Raggi ancora contro CasaPound: "L'immobile torni alla collettività"

La Raggi torna sullo sgombero di CasaPound e assesta una stoccata a Salvini: "Ora mi aspetto un segnale forte. Un segnale di legalità e rispetto delle regole"

“CasaPound non può continuare a restare nell’immobile che occupa da 15 anni al centro di Roma”. Così la sindaca di Roma Virginia Raggi è tornata su una questione che le sta particolarmente a cuore: lo sgombero della palazzina di via Napoleone III, quartier generale delle “tartarughe frecciate” dal 2003, ma anche l’argomento preferito dalla Raggi per pungolare il ministro Salvini.

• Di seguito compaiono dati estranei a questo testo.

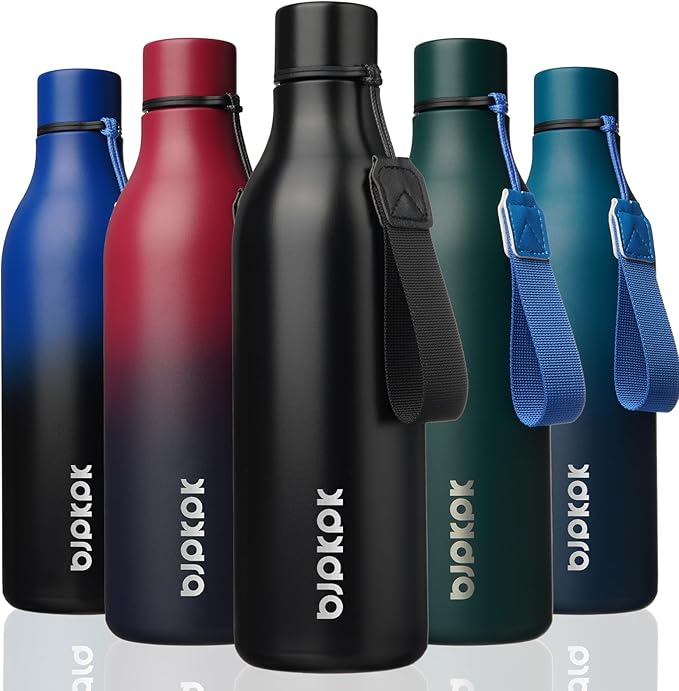 BJPKPK Insulated Water Bottles, 25 oz Stainless Steel Metal Water Bottle with Strap, BPA Free Leak Proof Jugs, Mugs, Flasks, Reusable Thermal Flasks for Sports & Travel, Black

L’occasione per tornare a chiedere a gran voce lo sgombero della palazzina occupata sono le conclusioni della Corte dei Conti, che ha quantificato il danno erariale dell’occupazione: 4 milioni e 600 mila euro, da imputare “a titolo di responsabilità gravemente colposa” a nove dirigenti dell’Agenzia del Demanio e del Ministero dell’Istruzione, proprietario dell’immobile. “La Corte dei Conti – scriveva ieri la Raggi su Facebookci ha dato ragione, condannando alcuni dirigenti dell’Agenzia del Demanio e del Miur, che è proprietario dell’immobile di via Napoleone III occupato proprio da CasaPound, a risarcire i danni per la mancata riscossione dei canoni di affitto e per omessa disponibilità del bene stesso”.

“L’occupazione di quell’immobile – si legge ancora – è un’ingiustizia nei confronti di tante famiglie che a Roma attendono l’assegnazione regolare di un appartamento”. Il commento della prima cittadina prosegue ripercorrendo il passato e chiamando ancora in causa il numero uno del Viminale. “Nel corso di questi tre anni ho sollevato la questione in tutte le sedi competenti e a tutti gli organi competenti: al Ministero dell’Interno di intervenire sgomberando il palazzo perché il Comune di Roma Capitale non può farlo in quanto non è nelle proprie competenze. Lo scorso gennaio ho scritto al Ministero delle Finanze che, attraverso l’Agenzia del Demanio, è proprietario del palazzo. Ho fatto di tutto. Non mi sono arresa di fronte a questa ingiustizia ai danni di tutti i romani”. Quindi l’auspicio: “Ora mi aspetto un segnale forte. Un segnale di legalità e di rispetto delle regole che noi romani attendiamo con forza. Che l’immobile ritorni finalmente alla collettività”.